──────── The input

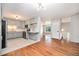 Stylish open kitchen with stainless appliances, gray cabinets, and hardwood floors in the adjacent living area at 1244 S Wright St, Lakewood, CO 80228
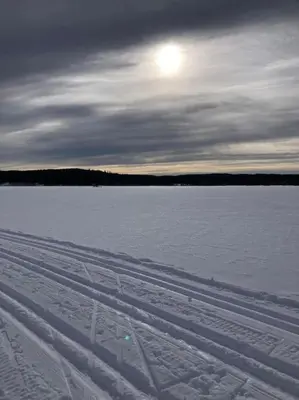 a snow covered field with the sun in the sky at Skomakerhuset in Løten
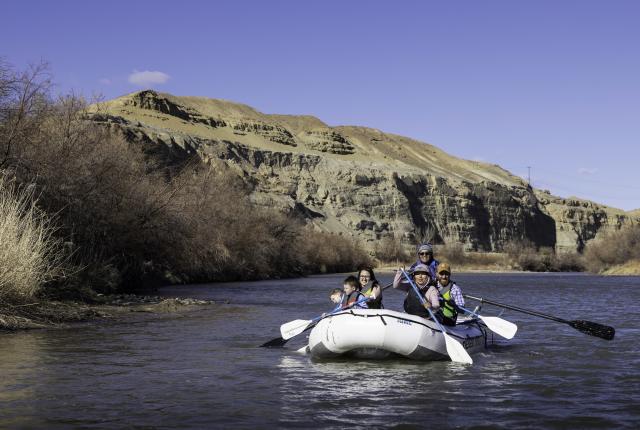 A family enjoys rafting on a calm river surrounded by barren hills and dry brush under a clear blue sky.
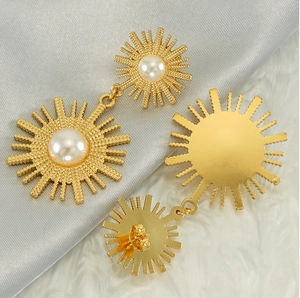 Détail de boucles d'oreilles soleil dorées vintage avec perles sur fond de soie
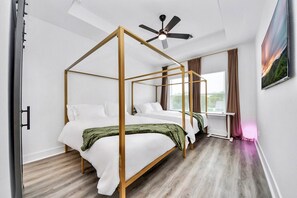 Ein modernes Schlafzimmer mit einem Himmelbett, einem Deckenventilator und einem großen Fenster mit Vorhängen.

────────────────

▸ Description of the task:
Leaving out the pictures, restate word for word the lines above from the one containing "Détail de boucles" through the end of the records, both ends included.

▸ Response area:
 Détail de boucles d'oreilles soleil dorées vintage avec perles sur fond de soie
 Ein modernes Schlafzimmer mit einem Himmelbett, einem Deckenventilator und einem großen Fenster mit Vorhängen.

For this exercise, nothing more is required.